***** STORED DATA

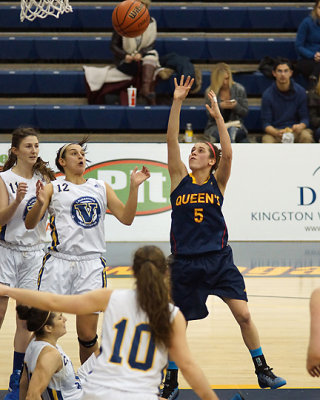 Queen's vs Laurentian 05430 copy.jpg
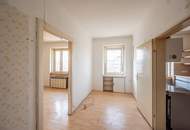 ++NEU++ Ruhige 2-Zimmer Altbau-Wohnung mit getrennter Küche, viel Umbau-Potenzial!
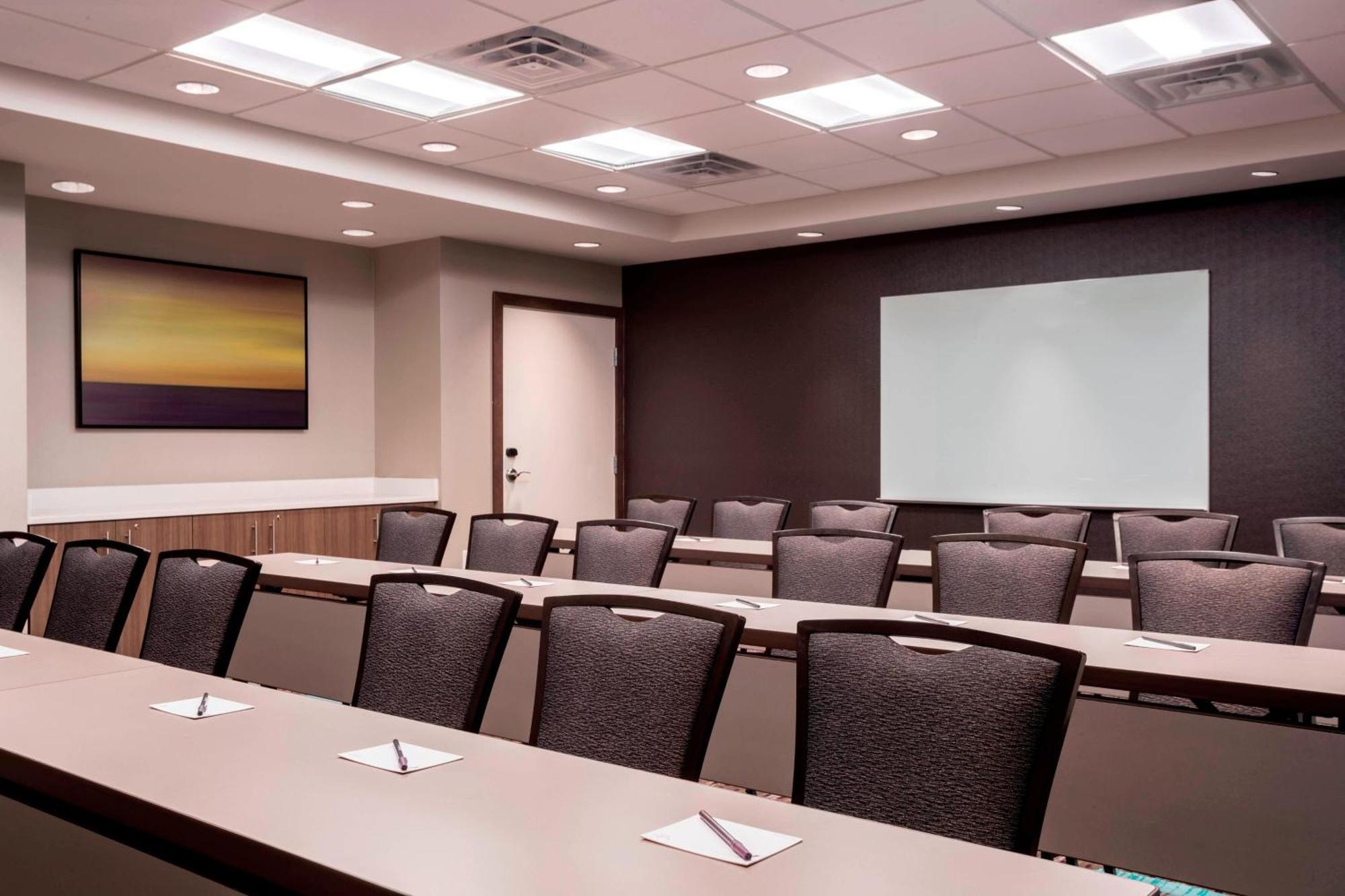 Residence Inn By Marriott Wheeling/St. Clairsville Bagian luar foto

**********

WORK ORDER – Every line above is to be given again exactly, apart from the pictures.

SOLUTION TO THIS EXERCISE –
 Queen's vs Laurentian 05430 copy.jpg
 ++NEU++ Ruhige 2-Zimmer Altbau-Wohnung mit getrennter Küche, viel Umbau-Potenzial!
 Residence Inn By Marriott Wheeling/St. Clairsville Bagian luar foto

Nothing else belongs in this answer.